**ASSIGNMENT**
Write out the material below exactly, beginning at the line that contains "Poster - geometry" and ending with its last line, both ends included; write nothing else.

**INPUT RECORDS**
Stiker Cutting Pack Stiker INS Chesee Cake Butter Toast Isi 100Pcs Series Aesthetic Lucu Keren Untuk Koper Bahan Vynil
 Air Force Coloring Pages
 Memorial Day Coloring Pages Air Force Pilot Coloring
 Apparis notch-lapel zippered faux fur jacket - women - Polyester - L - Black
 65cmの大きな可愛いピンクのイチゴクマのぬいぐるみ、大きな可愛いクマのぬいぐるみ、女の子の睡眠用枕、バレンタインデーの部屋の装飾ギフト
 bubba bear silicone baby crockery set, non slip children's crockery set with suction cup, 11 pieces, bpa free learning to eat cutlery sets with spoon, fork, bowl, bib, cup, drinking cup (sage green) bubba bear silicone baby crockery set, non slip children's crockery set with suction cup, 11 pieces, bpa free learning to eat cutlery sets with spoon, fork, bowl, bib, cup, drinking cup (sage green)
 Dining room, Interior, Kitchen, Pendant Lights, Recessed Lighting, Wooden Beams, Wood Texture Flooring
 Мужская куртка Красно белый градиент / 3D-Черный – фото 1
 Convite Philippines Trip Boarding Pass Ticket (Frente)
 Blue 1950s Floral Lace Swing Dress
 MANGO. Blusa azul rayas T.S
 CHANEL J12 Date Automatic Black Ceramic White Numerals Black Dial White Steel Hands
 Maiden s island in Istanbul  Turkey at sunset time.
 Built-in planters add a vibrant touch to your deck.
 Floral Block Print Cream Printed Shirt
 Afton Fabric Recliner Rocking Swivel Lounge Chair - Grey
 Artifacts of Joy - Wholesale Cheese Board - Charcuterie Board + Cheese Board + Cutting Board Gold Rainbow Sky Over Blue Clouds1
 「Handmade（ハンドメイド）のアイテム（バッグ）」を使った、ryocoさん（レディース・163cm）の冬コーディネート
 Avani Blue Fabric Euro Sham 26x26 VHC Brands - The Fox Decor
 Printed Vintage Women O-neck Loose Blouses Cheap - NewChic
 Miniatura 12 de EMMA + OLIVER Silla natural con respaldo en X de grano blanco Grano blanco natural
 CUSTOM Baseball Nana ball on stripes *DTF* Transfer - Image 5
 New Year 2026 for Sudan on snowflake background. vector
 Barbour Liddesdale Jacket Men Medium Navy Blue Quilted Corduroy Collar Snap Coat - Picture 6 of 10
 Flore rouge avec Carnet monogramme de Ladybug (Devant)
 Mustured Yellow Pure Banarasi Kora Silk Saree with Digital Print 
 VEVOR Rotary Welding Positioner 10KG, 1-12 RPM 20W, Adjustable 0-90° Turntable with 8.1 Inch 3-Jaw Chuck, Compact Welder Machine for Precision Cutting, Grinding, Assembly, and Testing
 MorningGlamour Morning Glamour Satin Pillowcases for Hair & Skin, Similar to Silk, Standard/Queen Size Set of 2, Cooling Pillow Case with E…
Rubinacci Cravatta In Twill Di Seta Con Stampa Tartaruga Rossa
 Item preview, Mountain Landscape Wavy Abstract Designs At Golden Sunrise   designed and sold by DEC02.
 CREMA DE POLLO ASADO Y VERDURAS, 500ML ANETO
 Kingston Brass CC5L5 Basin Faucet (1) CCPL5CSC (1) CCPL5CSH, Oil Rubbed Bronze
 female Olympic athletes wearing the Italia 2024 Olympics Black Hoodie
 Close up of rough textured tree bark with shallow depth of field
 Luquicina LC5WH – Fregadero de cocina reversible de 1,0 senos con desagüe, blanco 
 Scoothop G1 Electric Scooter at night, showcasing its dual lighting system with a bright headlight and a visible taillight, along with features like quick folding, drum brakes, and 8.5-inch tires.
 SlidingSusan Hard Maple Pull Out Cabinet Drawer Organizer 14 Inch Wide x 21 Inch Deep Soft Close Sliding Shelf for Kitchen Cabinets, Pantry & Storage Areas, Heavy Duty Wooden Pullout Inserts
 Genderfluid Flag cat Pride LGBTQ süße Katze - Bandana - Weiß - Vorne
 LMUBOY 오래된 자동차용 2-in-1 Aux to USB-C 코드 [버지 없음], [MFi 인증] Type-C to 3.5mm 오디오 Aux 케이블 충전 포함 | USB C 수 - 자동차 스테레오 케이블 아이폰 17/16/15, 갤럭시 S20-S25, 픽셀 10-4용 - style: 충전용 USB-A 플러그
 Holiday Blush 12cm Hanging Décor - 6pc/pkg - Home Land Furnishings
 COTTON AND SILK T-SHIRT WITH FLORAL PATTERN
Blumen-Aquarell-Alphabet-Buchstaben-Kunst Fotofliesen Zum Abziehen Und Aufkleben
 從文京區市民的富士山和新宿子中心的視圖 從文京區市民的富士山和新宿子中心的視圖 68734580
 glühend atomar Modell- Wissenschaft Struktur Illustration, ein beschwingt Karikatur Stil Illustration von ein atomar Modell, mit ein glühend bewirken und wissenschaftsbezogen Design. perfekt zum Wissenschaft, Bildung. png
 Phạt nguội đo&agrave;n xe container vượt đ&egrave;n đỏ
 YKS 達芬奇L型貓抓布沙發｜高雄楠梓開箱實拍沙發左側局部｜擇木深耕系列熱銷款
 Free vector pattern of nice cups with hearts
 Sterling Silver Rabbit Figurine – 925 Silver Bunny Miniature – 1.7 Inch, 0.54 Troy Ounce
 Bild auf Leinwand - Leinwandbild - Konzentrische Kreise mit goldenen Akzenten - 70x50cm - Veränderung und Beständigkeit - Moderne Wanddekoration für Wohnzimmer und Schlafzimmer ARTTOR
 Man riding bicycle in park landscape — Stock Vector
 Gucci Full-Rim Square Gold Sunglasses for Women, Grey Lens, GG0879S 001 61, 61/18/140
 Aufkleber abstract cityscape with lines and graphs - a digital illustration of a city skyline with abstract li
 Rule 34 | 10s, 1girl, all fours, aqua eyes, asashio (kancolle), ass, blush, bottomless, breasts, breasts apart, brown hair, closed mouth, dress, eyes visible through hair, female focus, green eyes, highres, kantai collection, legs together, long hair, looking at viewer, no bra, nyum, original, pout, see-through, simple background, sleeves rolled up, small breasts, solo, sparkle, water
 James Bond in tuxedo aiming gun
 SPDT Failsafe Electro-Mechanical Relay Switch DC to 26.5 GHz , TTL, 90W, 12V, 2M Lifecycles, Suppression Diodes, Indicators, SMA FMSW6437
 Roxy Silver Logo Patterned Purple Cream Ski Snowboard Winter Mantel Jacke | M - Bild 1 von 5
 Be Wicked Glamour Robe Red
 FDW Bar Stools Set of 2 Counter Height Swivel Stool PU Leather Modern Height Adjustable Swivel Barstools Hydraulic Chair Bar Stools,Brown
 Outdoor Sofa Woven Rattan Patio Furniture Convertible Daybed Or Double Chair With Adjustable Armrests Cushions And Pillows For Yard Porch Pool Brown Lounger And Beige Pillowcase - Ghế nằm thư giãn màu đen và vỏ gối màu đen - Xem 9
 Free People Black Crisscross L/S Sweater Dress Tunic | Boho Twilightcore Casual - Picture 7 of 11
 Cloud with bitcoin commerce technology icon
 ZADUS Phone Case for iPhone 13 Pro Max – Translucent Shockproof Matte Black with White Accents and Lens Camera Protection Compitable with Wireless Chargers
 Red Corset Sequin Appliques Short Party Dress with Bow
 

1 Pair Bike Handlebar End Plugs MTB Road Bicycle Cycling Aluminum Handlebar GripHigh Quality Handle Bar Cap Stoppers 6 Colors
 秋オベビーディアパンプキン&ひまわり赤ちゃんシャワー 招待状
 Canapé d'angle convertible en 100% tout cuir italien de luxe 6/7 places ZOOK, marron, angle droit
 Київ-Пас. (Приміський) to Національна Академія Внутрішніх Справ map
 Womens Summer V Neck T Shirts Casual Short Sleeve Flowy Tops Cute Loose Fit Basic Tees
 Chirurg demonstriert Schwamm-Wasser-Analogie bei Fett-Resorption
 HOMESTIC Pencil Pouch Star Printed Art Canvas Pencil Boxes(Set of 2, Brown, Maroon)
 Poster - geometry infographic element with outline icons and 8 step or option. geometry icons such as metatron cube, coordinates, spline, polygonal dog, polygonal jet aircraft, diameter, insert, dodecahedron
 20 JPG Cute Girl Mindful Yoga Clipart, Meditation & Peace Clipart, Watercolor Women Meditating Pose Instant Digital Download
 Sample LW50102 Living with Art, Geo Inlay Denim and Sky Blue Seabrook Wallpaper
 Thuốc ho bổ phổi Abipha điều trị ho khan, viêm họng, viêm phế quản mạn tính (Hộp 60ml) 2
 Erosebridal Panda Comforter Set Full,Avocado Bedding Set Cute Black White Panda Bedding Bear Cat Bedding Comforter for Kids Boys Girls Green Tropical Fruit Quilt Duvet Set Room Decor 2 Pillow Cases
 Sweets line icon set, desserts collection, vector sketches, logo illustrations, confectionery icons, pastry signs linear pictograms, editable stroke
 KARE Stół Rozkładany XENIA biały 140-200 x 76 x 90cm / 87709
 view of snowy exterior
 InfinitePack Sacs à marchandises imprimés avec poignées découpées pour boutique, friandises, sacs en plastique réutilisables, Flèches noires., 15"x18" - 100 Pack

**PROBLEM SOLUTION**
 Poster - geometry infographic element with outline icons and 8 step or option. geometry icons such as metatron cube, coordinates, spline, polygonal dog, polygonal jet aircraft, diameter, insert, dodecahedron
 20 JPG Cute Girl Mindful Yoga Clipart, Meditation & Peace Clipart, Watercolor Women Meditating Pose Instant Digital Download
 Sample LW50102 Living with Art, Geo Inlay Denim and Sky Blue Seabrook Wallpaper
 Thuốc ho bổ phổi Abipha điều trị ho khan, viêm họng, viêm phế quản mạn tính (Hộp 60ml) 2
 Erosebridal Panda Comforter Set Full,Avocado Bedding Set Cute Black White Panda Bedding Bear Cat Bedding Comforter for Kids Boys Girls Green Tropical Fruit Quilt Duvet Set Room Decor 2 Pillow Cases
 Sweets line icon set, desserts collection, vector sketches, logo illustrations, confectionery icons, pastry signs linear pictograms, editable stroke
 KARE Stół Rozkładany XENIA biały 140-200 x 76 x 90cm / 87709
 view of snowy exterior
 InfinitePack Sacs à marchandises imprimés avec poignées découpées pour boutique, friandises, sacs en plastique réutilisables, Flèches noires., 15"x18" - 100 Pack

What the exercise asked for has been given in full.